• _What to work on_: In the copy, keep every word of the data below and none of its pictures.

• _Collected material_:
---
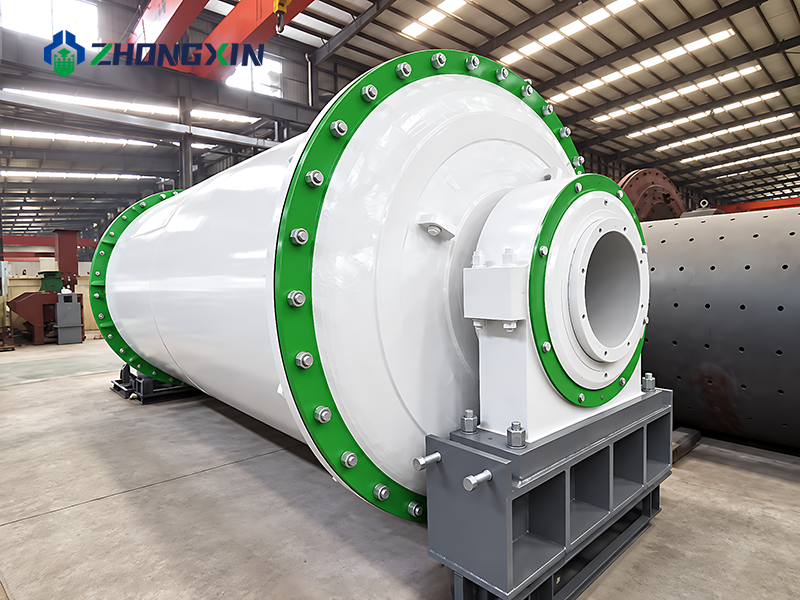 Ensamblaje en fábrica de molino de bolas cerámico de escala industrial - Zhongxin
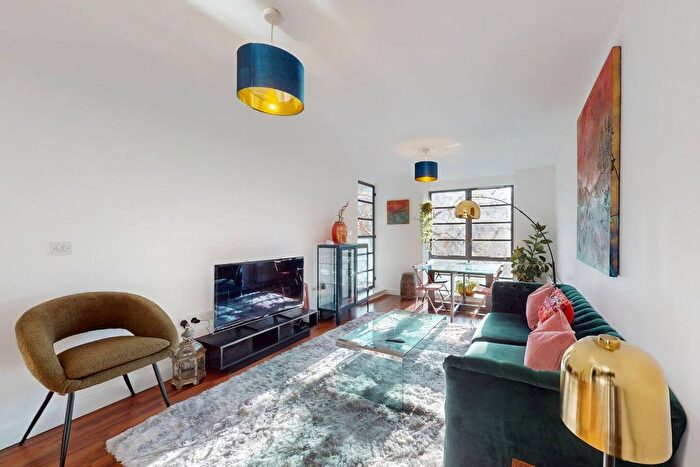 2 Bedroom Flat To Rent In De Beauvoir Crescent, Islington, N1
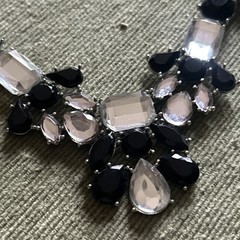 RHINESTONE & Black Rhinestone Necklace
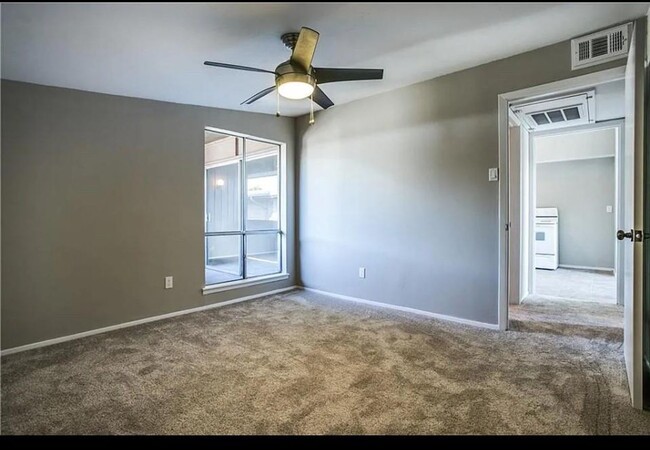 Building Photo - Rent Ready - Dallas, TX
---
• _Solution to the exercise_:
 Ensamblaje en fábrica de molino de bolas cerámico de escala industrial - Zhongxin
 2 Bedroom Flat To Rent In De Beauvoir Crescent, Islington, N1
 RHINESTONE & Black Rhinestone Necklace
 Building Photo - Rent Ready - Dallas, TX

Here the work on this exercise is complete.